General course objectives
To enable the students to understand and to use modern rational methods within strength of materials and reliability theory to design ships.
To enable to student to do a quality assurance of an engineering project.
The main emphasis is on the determination of the global response of a given ship sailing in waves. Safety against global failure of the hull girder should be evaluated under normal operation conditions. Accidental loads (collision and grounding) will also be covered as well as rational rule development.
- Bending moment, sagging, hogging.
- Ocean waves: linear and non-linear wave elevation, regular and irregular waves, excitation wave spectrum, stationary process, wave scatter diagram.
- Stresses in the hull girder: Midship section, effective thickness, section modulus, maximum normal stress, yield stress. Statistical shortterm and long term analyses, extreme values, expected fatigue damage.
- Hull vibrations: hull flexibility, natural frequency of the hull, springing, whipping.
- Reliability analysis of the hull girder: Hasofer-Lind safety index, probability of failure, limit state function.
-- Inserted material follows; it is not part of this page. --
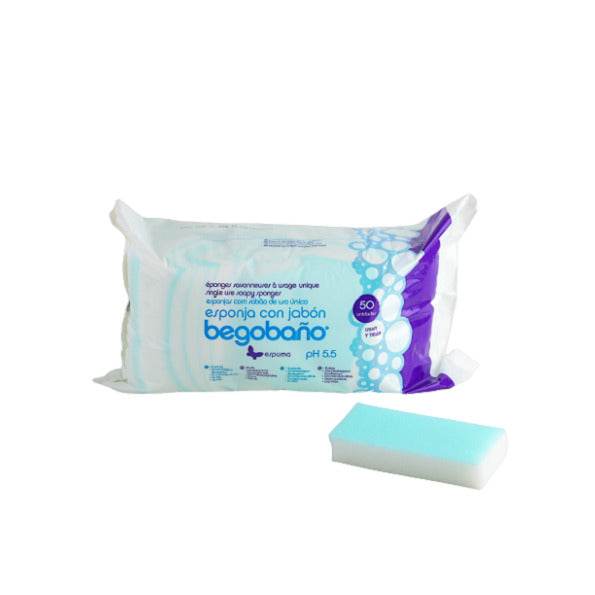 eponge_50_unites-removebg-preview Begobano Éponge Savonneuse 7.5*12 cm 50 unités – Image 1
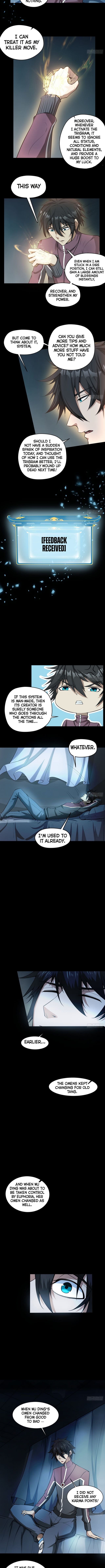 I Signed Killing God in the Wasteland Chapter 64 - Page 4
A student who has met the objectives of the course will be able to:
- Comprehend the fundamentals of structural design and assessment of ships
- Comprehend the fundamentals of modeling of ocean waves
- Apply methods that account for the statistical nature of ocean waves
- Determine wave-induced loads on the ship in stochastic sea
- Determine extreme wave loads on the ship
- Determine the expected fatigue damage in the hull
- Determine hull girder stresses due to static and dynamic loads
- Assess the safety against the failure of the hull girder under specified loading
- Understand loads due to hull girder vibrations
- Understand safety factors for rule development
- Assess the safety of a vessel after collision or grounding
- Write a technical report for a specific ship dealing with bullets mentioned above
Recommended prerequisites 41501 Strength of materials 1. 41502 Strength of materials 2. 41312 Basic fluid mechanics. 41201 Fundamentals of ships and other floating structures. 41271 Ship design. , Mathematics including linear algebra, calculus and differential equations; Statistics and probability theory; Statics, mechanical vibrations, and strength of materials; Fluid mechanics; Programming using e.g. MATLAB; Fundamental knowledge of maritime structures.